Member of the Maine Senate from the 27th district
- In office December 2008 – December 2016
- Preceded by: Ethan Strimling
- Succeeded by: Ben Chipman

Personal details
- Born: January 8, 1975 (age 51) Dexter, Maine, U.S.
- Party: Democratic
- Spouse: Rachael Weinstein
- Children: 1
- Parent: Bill Alfond (father);
- Relatives: Harold Alfond (grandfather)
- Education: Tulane University
- Website: JustinAlfond.com

= Justin Alfond =

American politician and real estate developer

Justin Loring Alfond (born January 8, 1975) is an American politician and real estate developer. He served as a Democratic State Senator from the 8th District, which represents much of Portland. Alfond was first elected to the State Senate in 2008 to replace Democrat Ethan Strimling; he beat former State Senator Anne Rand and Cliff Ginn. He was re-elected in 2010 and 2012. In 2012, he faced Green Independent Party Chair Asher Platts. Alfond won with 71% of the vote in a two-way race.

Following his re-election to a third term in November 2012, he was chosen as President of the Maine Senate by his fellow Democrats in the Maine Senate. Upon being re-elected to his fourth term, he was chosen to be the leader of the now-minority Democrats.

Alfond was the second youngest Senate President since 1880, when Joseph A. Locke held the position at 36 years old.

==Early life and education==
Alfond is the son of Joan (née Loring) and Bill Alfond. He is the grandson of businessman Harold Alfond, the founder of the Dexter Shoe Company. He has two siblings, Kenden, and Reis. His father worked for the family business, Dexter Shoes, as the director of the company's golf and bowling shoe division; and also served as a trustee of the Governor Dummer Academy. He attended schools in Waterville and Dexter prior to attending Noble and Greenough School in Dedham, Massachusetts. He then attended Tulane University in New Orleans, Louisiana, and majored in business management. He was briefly a professional golfer.

==Politics==
In 2012, Maine Citizens for Clean Elections noted in a published report that Alfond, despite funding his own campaigns through public financing, raised significant money through a leader political action committee (PAC). He raised over $192,000 for the Alfond Business, Community & Democracy PAC between its creation in 2009 and 2012.

On November 21, 2013, Alfond voted against allowing a bill submitted by Rep. Diane Russell (D-Portland) which would have legalized, taxed, and regulated the use of marijuana in the state, to proceed to debate during the second session of the 126th Legislature, which typically only addresses a limited number of bills.
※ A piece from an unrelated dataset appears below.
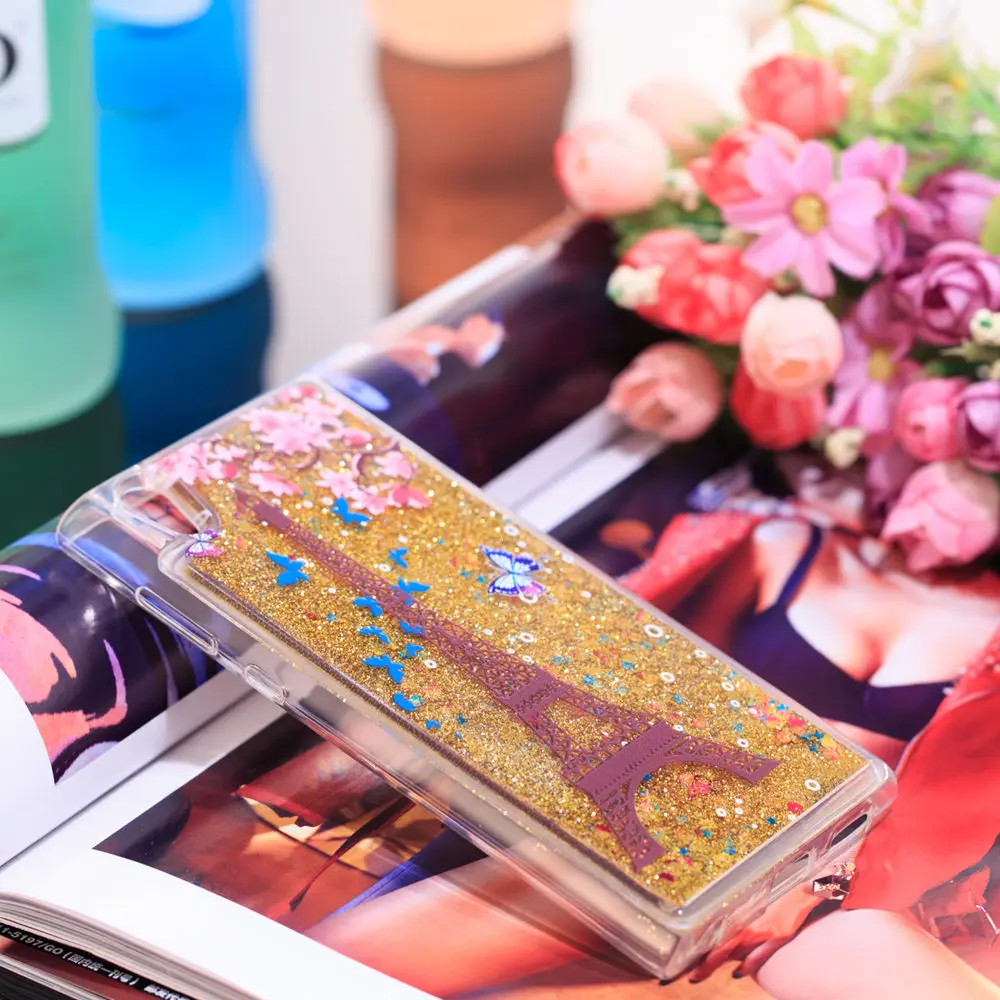 Зыбучий песок чехол для Sony Xperia L1 L 1 динамический Жидкий блеск Звезды Мягкий Чехол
The Maine Legislative Council, of which Alfond was a member of as Senate President, voted 5-5, meaning that no legislative action would be taken until at least 2015. Disappointment was expressed over the vote since Alfond represents Portland, a city that only weeks prior voted overwhelmingly in favor of legalizing possession of up to 2.5 ounces of marijuana for adults over 21.

On December 18, 2013, Alfond announced that he submitted emergency legislation to attempt to help resolve a lease dispute between the Portland Pirates and the Cumberland County Civic Center by allowing the team to receive a share of alcohol revenue, which was illegal under Maine law but the Pirates had originally sought.

On June 30, 2014, the Talking Points Memo website claimed that some Maine adherents to the sovereign citizen movement called for Alfond and a fellow Democrat, House Speaker Mark Eves, to be tried, convicted, and executed for treason during meetings with Governor Paul LePage in 2013. LePage has denied that such discussions took place, even after learning audio recordings exist of two men claiming such a discussion took place.

==Personal life==
He is married to Rachael Weinstein.

In 2004, he founded the Maine Chapter of the League of Young Voters, serving for four years as its director. He serves on the boards of many organizations, including Avesta Housing, Opportunity Maine, Maine Initiatives, Kennebec Valley Community College, the New England Board of Higher Education and the New England Secondary School Consortium. He lives in Portland's West End.